Ajamos com boa fé, sejamos sinceros, abramos a porta do diálogo e demos a possibilidade de que um seja realmente quem quer ser: com todos suas qualidades, defeitos, desejos e vontade. Não importa o que for… ter a liberdade de manifestar-se sobre esse desejo, sobre esta inquietude é uma das grandes vantagens do tempo em que vivemos.

Liberdade

Somos casais desestruturados. De solteiros aprendemos que o grande valor da vida é a nossa liberdade.
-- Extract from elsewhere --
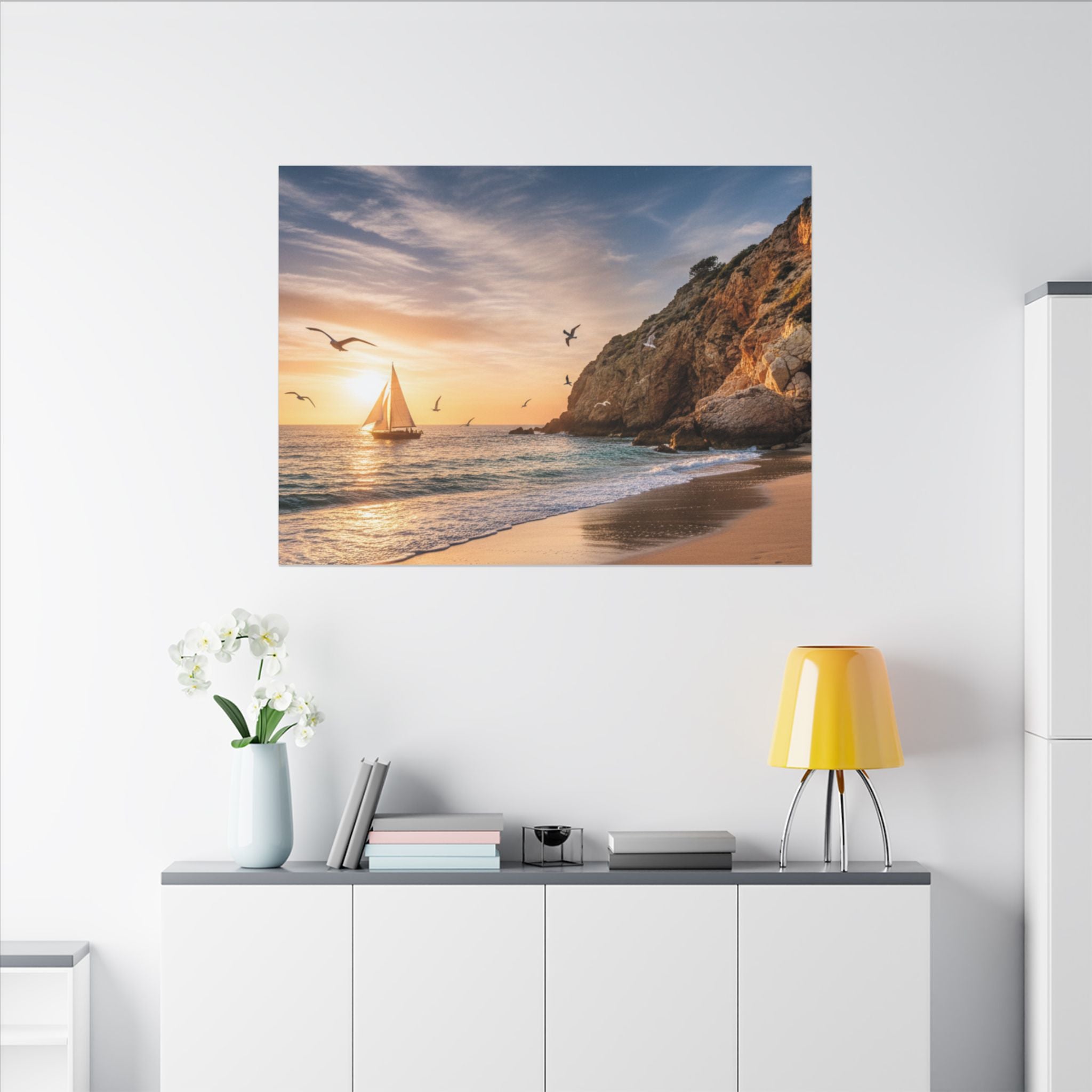Seaside Sunset Sail Canvas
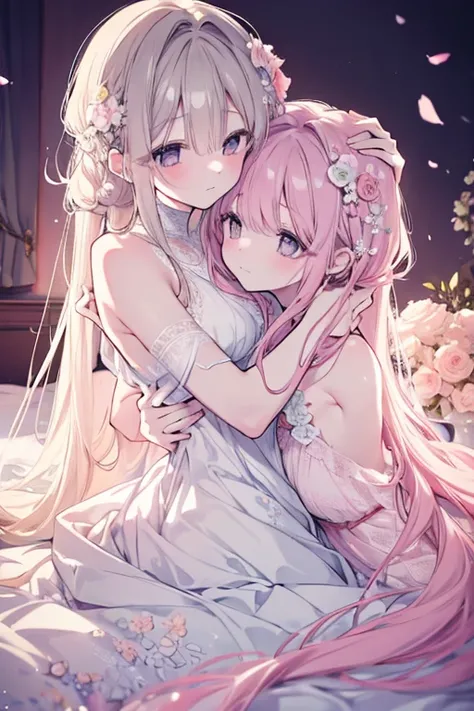 a romantic couple in an intimate embrace, long flowing hair, soft lighting, detailed facial features, tender expressions, warm atmosphere, intimate moment, delicate floral accents, dreamlike, pastel color palette, beautifully detailed, cinematic, masterpie...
E nessa liberdade que ambos levamos consigo, busquemos comer o mundo e fazer dele um lugar mais tolerante e habitável… e que a nossa felicidade, o nosso sorriso emane em todos os cantinhos do mundo.

Que juntos, aceitemos e respeitemos todos os casais e solteiros, dos mais conservadores aos mais progressistas, e que façamos que eles se sintam em casa… porque somos aquilo que sempre sonhamos ser, porque encontramos uma pessoa para dividir essa vontade, esse desejo da forma mais honesta e livre… sem dogmas, sem rota pré-estabelecida, e principalmente sem medo de falar.

Sejamos solteiros desestruturados, casais desestruturados, ou mesmo famílias desestruturadas… buscando nesse conceito, não o seu lado negativo mais sim o lado mais singular que nos fazem ser como somos. E nessa singularidade, o único desejo de viver uma vida plena e feliz sem receitas de bolo, nem caminhos pré-definidos. A vida começa agora e nós indicamos a direção que queremos tomar.

Somos casais desestruturados e a vida é hoje e agora.

*Dia de San Valentino na Europa comemora-se o Dia dos Namorados. 14 de fevereiro.